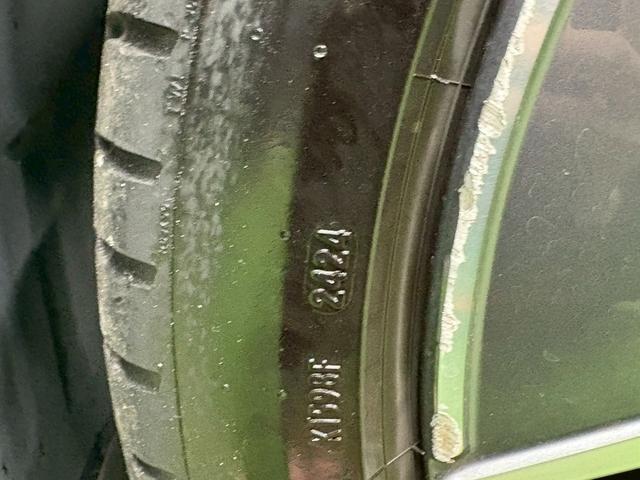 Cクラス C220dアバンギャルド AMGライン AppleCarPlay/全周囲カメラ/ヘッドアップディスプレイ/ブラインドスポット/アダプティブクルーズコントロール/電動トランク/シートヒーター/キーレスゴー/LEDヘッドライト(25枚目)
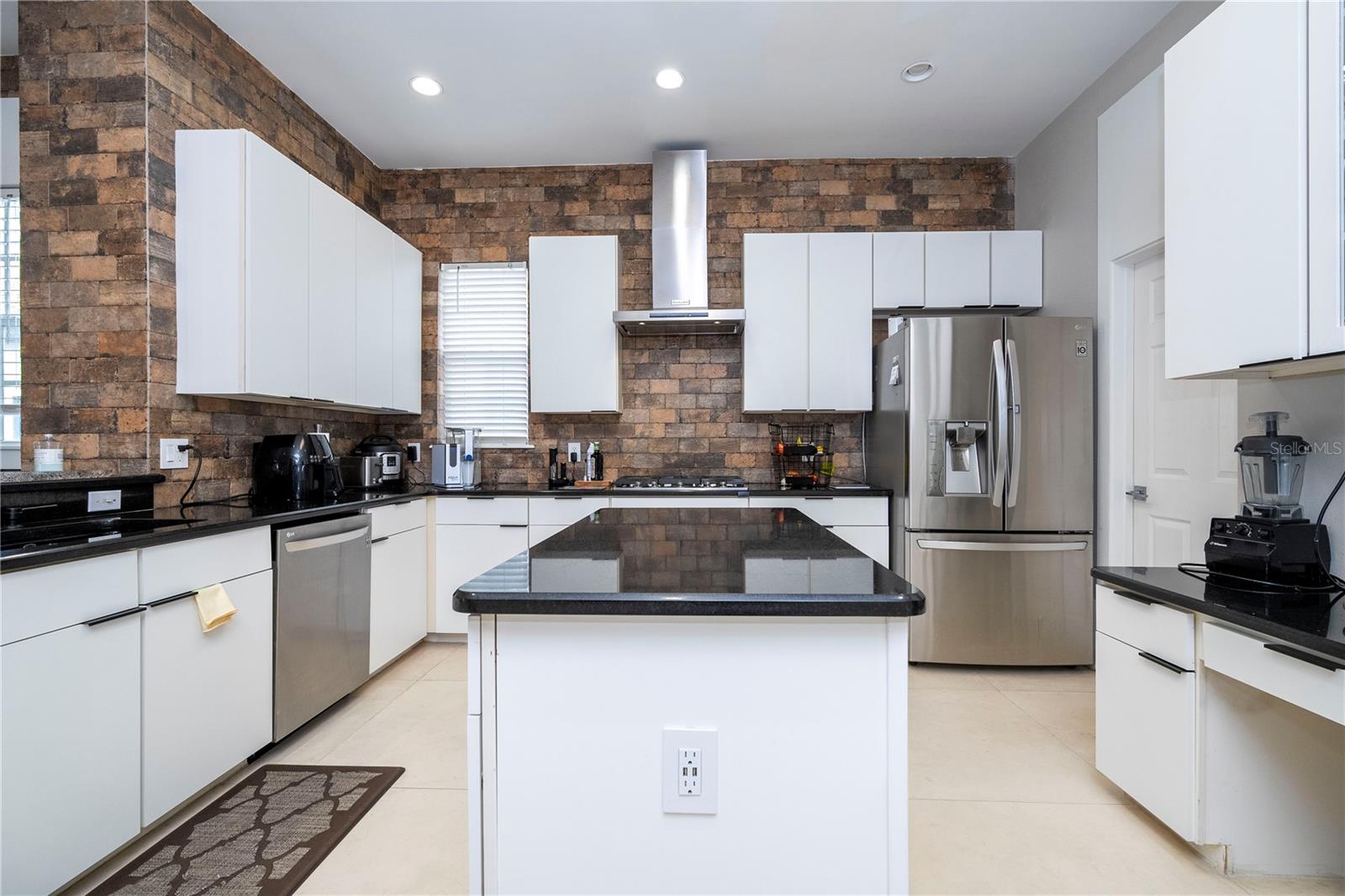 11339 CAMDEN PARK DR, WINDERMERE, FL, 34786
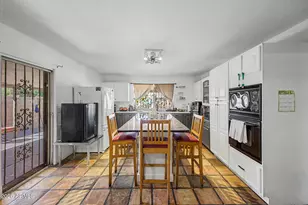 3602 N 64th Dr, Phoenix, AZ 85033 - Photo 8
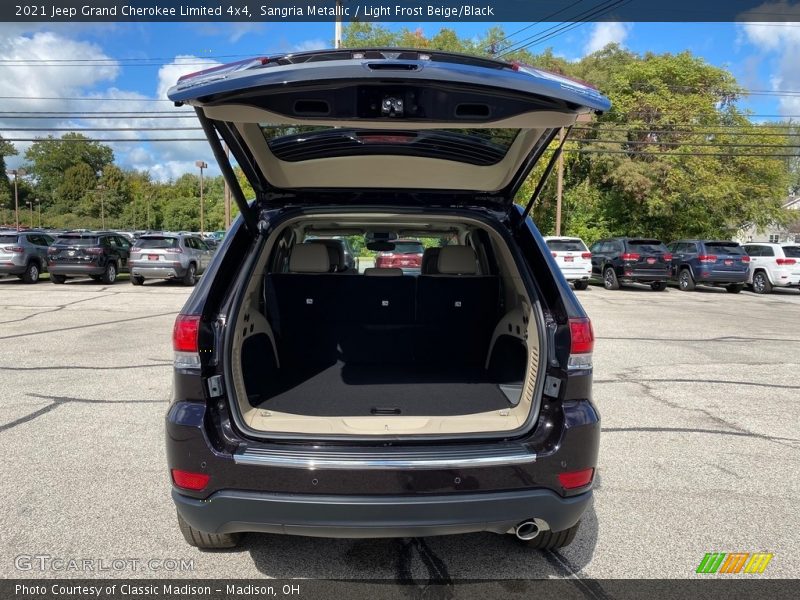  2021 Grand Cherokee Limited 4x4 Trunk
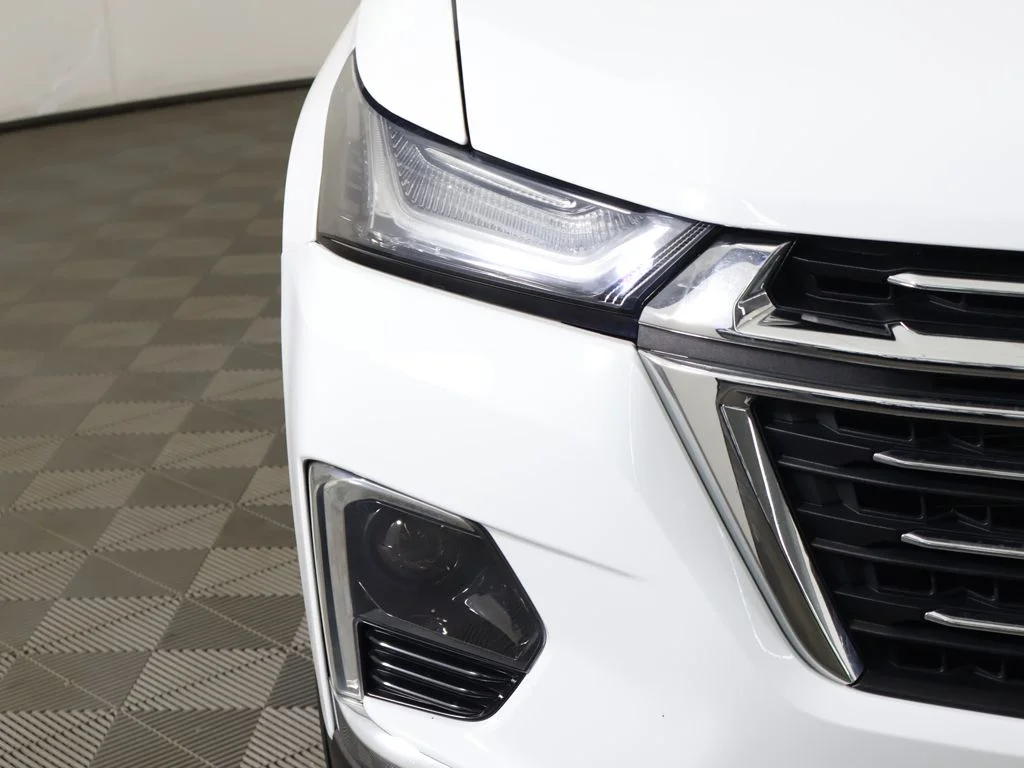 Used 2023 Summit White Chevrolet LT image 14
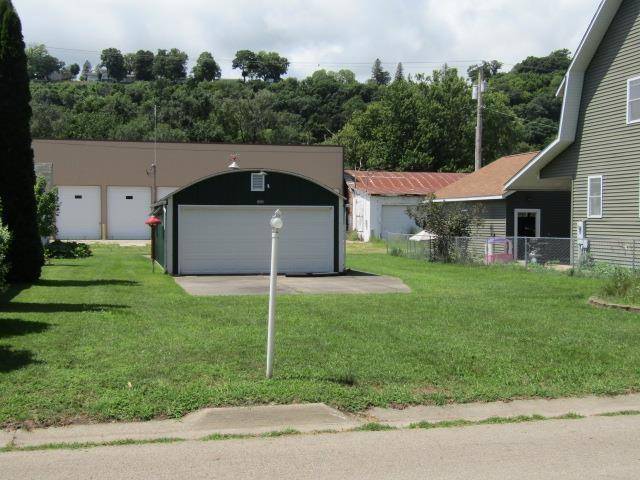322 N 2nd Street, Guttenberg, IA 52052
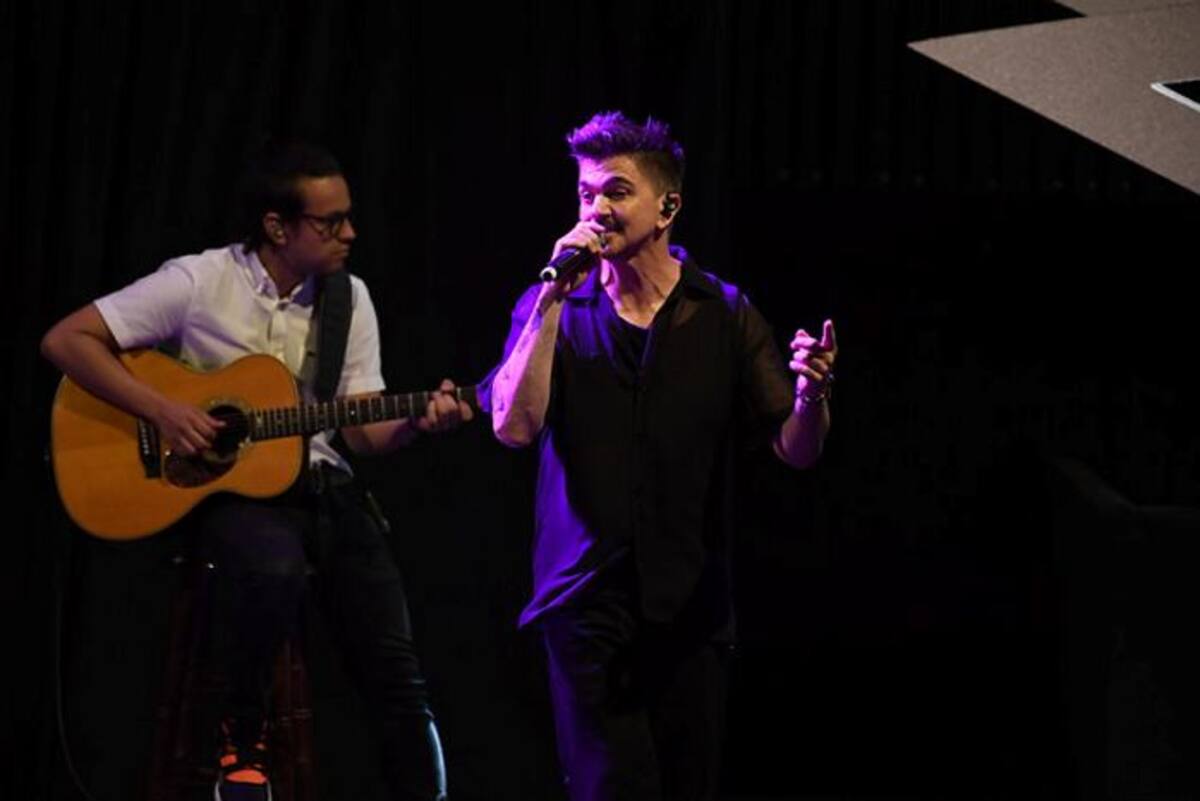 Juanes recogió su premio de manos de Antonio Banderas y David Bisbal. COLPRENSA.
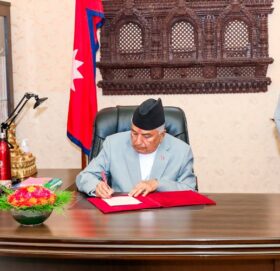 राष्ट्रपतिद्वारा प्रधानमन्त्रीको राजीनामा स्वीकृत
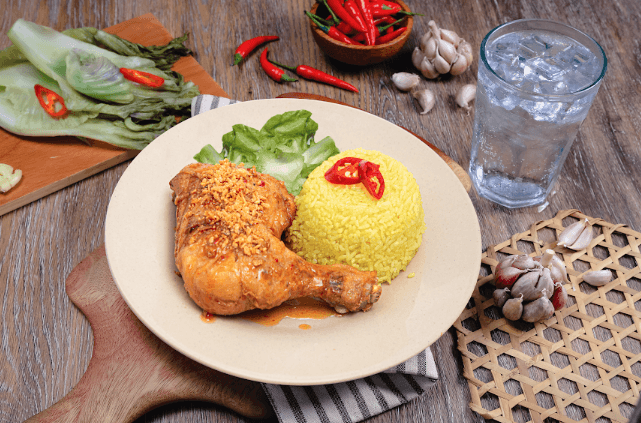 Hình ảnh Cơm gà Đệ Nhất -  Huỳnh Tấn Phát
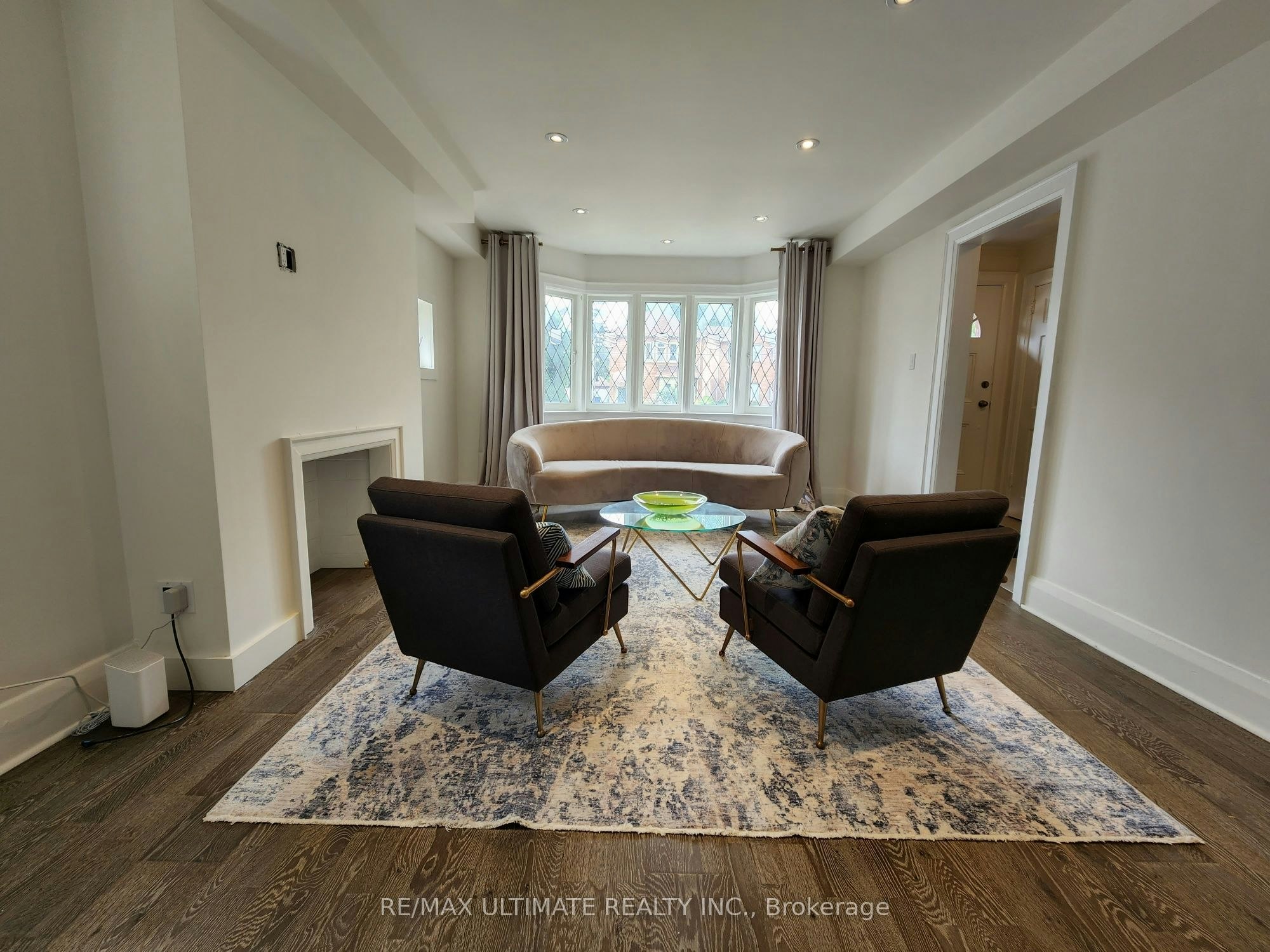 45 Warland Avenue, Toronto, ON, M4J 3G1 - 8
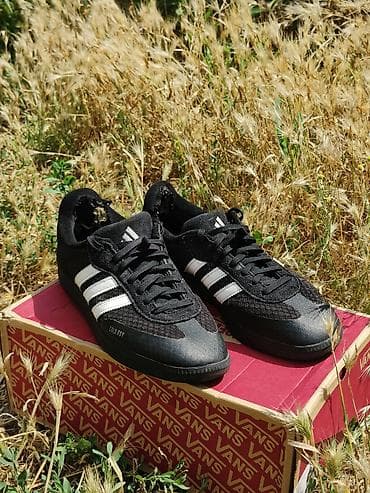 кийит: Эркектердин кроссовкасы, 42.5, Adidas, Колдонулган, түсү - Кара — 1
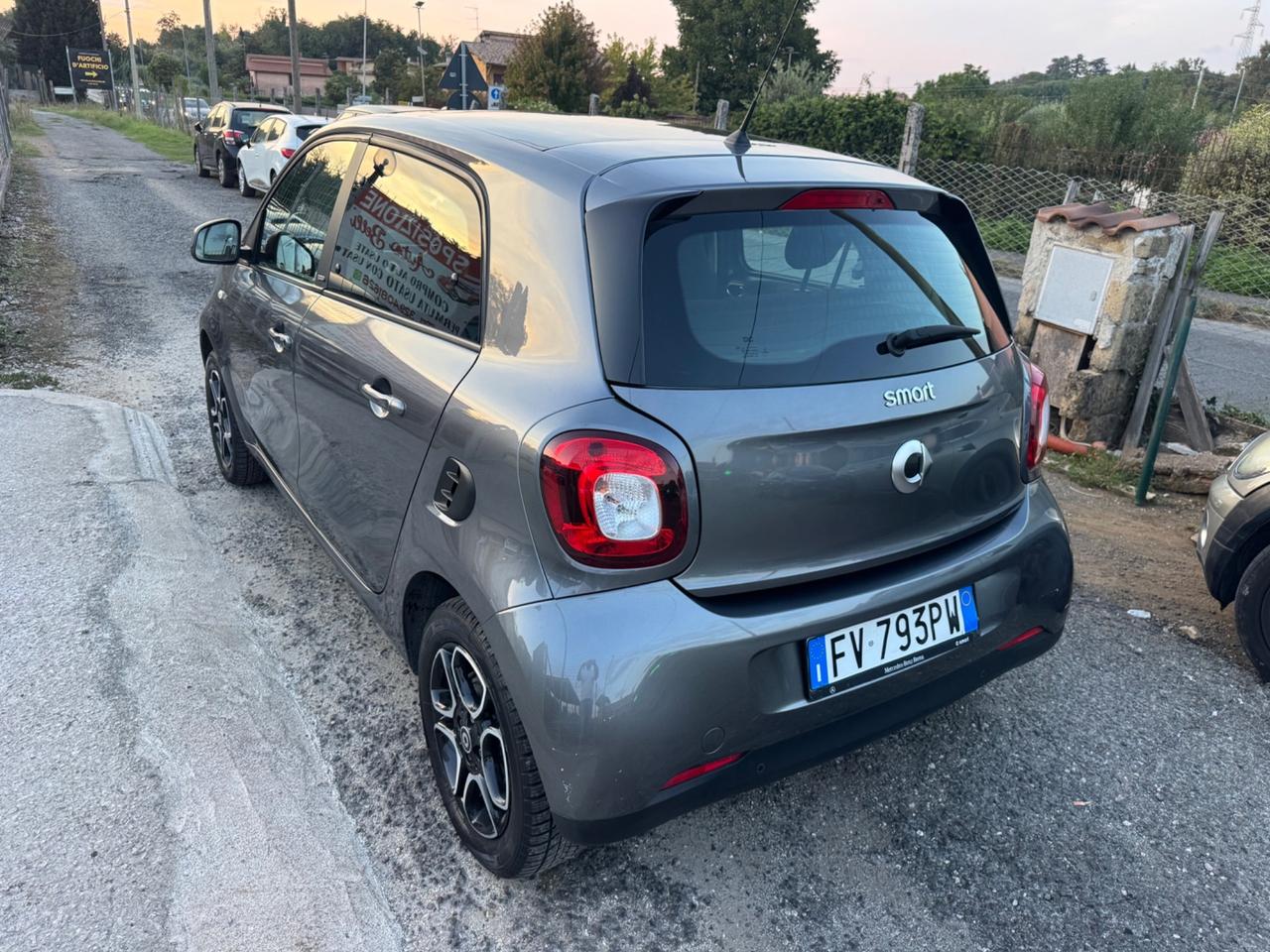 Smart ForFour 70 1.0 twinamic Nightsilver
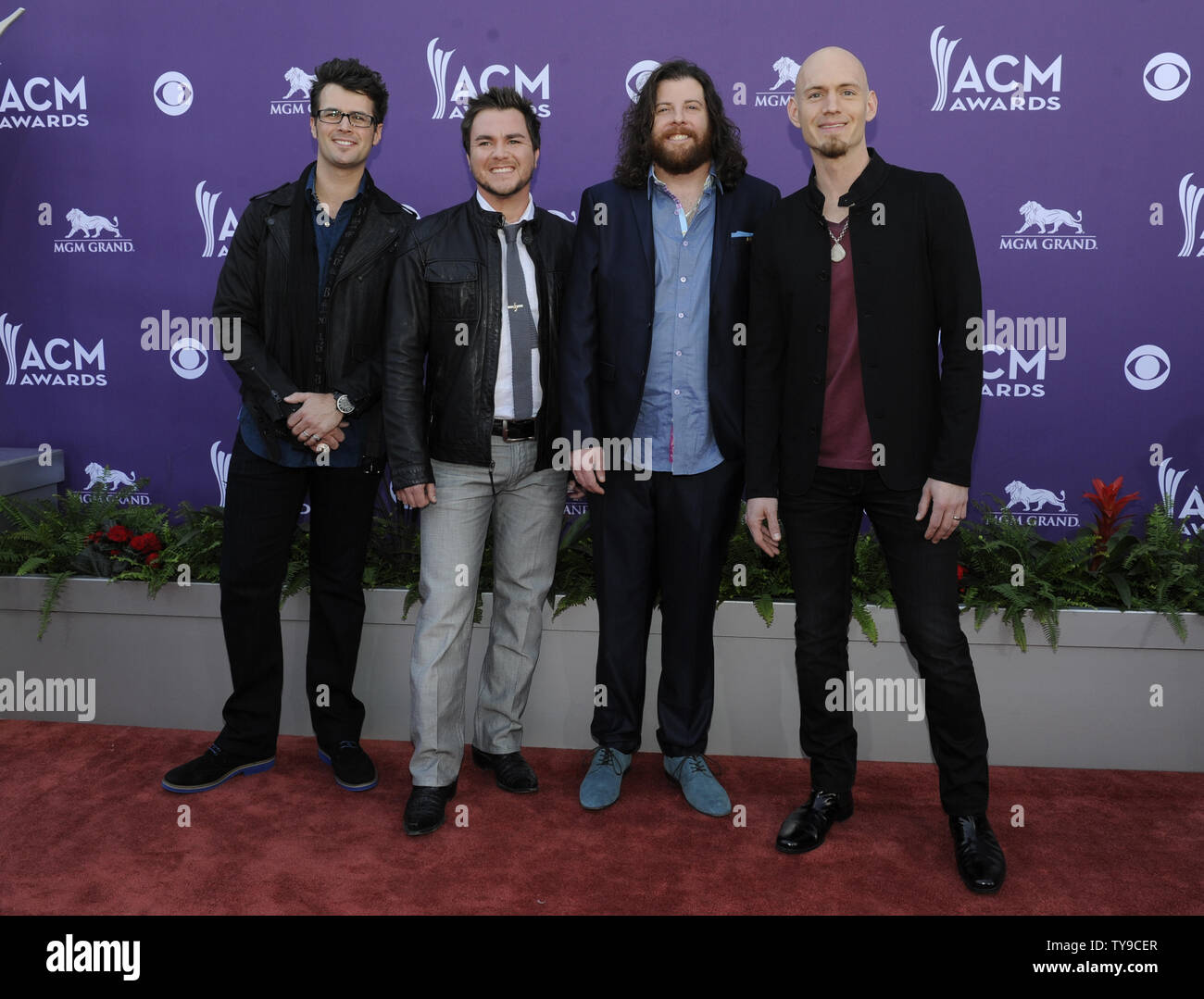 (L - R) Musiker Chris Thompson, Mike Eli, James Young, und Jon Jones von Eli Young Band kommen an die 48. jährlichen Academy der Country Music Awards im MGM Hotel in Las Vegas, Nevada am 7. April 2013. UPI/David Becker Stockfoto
• • • • •
**Problem to work on:** Your answer must contain the full data, repeated exactly, without pictures.

**Worked solution:**
 Cクラス C220dアバンギャルド AMGライン AppleCarPlay/全周囲カメラ/ヘッドアップディスプレイ/ブラインドスポット/アダプティブクルーズコントロール/電動トランク/シートヒーター/キーレスゴー/LEDヘッドライト(25枚目)
 11339 CAMDEN PARK DR, WINDERMERE, FL, 34786
 3602 N 64th Dr, Phoenix, AZ 85033 - Photo 8
  2021 Grand Cherokee Limited 4x4 Trunk
 Used 2023 Summit White Chevrolet LT image 14
322 N 2nd Street, Guttenberg, IA 52052
 Juanes recogió su premio de manos de Antonio Banderas y David Bisbal. COLPRENSA.
 राष्ट्रपतिद्वारा प्रधानमन्त्रीको राजीनामा स्वीकृत
 Hình ảnh Cơm gà Đệ Nhất -  Huỳnh Tấn Phát
 45 Warland Avenue, Toronto, ON, M4J 3G1 - 8
 кийит: Эркектердин кроссовкасы, 42.5, Adidas, Колдонулган, түсү - Кара — 1
 Smart ForFour 70 1.0 twinamic Nightsilver
 (L - R) Musiker Chris Thompson, Mike Eli, James Young, und Jon Jones von Eli Young Band kommen an die 48. jährlichen Academy der Country Music Awards im MGM Hotel in Las Vegas, Nevada am 7. April 2013. UPI/David Becker Stockfoto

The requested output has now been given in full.